En termes d’emplois, le bilan n’est guère plus attrayant. Bercy prévoit la création de 50 000 emplois, là aussi au total et là aussi à long terme. Le coût de chaque emploi créé s’annonce donc très élevé, de l’ordre de celui des emplois créés par le CICE, voire sans doute davantage. Ces mesures de défiscalisation du capital s’annoncent donc particulièrement inefficientes et il est étonnant que le gouvernement continue de défendre aveuglément leurs effets sur la croissance au vu d’une telle conclusion de ses propres services, comme il est étonnant que la majorité parlementaire suive aveuglément, sans sourciller.
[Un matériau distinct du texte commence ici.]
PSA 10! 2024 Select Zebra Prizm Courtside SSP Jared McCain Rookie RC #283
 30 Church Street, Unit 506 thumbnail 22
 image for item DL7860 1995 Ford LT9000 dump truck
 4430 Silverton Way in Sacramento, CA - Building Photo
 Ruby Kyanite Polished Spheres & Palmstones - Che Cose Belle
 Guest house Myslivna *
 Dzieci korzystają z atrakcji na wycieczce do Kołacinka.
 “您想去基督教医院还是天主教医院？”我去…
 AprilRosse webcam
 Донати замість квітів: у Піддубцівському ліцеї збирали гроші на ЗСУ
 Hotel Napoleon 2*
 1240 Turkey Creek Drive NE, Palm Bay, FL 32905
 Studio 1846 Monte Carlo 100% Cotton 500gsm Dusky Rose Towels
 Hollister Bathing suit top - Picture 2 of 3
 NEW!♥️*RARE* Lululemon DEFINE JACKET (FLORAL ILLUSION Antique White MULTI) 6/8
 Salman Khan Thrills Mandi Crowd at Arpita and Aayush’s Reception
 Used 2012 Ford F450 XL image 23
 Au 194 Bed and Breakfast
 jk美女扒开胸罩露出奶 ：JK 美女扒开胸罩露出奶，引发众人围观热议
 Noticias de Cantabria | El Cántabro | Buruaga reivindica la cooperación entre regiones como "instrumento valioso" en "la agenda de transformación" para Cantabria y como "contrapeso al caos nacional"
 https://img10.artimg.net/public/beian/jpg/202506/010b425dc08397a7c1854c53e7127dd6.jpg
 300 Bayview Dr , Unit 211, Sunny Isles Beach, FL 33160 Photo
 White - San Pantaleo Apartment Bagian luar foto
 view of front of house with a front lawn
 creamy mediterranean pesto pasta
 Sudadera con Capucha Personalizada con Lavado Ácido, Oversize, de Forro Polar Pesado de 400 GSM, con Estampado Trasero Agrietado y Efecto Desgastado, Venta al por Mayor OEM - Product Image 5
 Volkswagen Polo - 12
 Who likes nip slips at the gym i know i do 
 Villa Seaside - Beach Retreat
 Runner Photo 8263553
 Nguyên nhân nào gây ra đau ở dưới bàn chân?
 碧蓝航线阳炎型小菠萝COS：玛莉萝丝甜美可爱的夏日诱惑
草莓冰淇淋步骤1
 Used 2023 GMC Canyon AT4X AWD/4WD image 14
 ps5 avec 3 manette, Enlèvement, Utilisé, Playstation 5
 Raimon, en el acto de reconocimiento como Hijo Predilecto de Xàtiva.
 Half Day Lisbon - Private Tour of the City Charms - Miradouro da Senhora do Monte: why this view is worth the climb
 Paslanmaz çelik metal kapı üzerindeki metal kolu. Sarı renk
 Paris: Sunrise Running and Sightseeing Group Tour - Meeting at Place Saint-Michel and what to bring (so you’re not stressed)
La dernière demande de Vincent Éblé concerne les actifs improductifs qui seront exonérés de l’ISF comme les comptes courants, les métaux précieux ou les biens de luxe, actuellement inclus dans l’assiette de l’ISF. Bercy a indiqué que le maintien de ces actifs, qui représentent 36 % de l’assiette taxable de l’ISF, dans l’assiette de l’IFI permettrait de gagner 2 milliards d’euros, soit près de deux fois plus que le rendement attendu de l’IFI (850 millions d’euros). En revanche, les mesures symboliques de hausse des taxes diverses sur les produits de luxe adoptées par l’Assemblée nationale par voie d’amendements n’ont qu’un rendement attendu de 50 millions d’euros. Or, comme l’indique Vincent Éblé, cette réintégration des actifs improductifs, conforme à l’ambition du président de la République de favoriser les investissements productifs, permettrait à elle seule de financer le PFU. Sans doute faut-il s’attendre à ce que des sénateurs proposent une telle contre-mesure.
Au final, le bilan de ces réponses est cruel pour le gouvernement et Emmanuel Macron. Le PFU et l’IFI sont bien des « cadeaux aux riches », ce sont des mesures qui réduisent la redistribution par l’impôt et qui augmenteront donc les inégalités sans avoir d’effets macroéconomiques structurels notables. Ce sont donc encore des cadeaux fiscaux coûteux et inutiles. Par ailleurs, leur caractère visant purement à augmenter la richesse se remarque dans la défiscalisation, là aussi très coûteuse, des actifs improductifs. Bref, le bilan est désastreux. L’obstination du gouvernement à vouloir liquider l’ISF montre de plus en plus que son objectif est moins de renforcer l’économie française que de favoriser une moindre redistribution des richesses.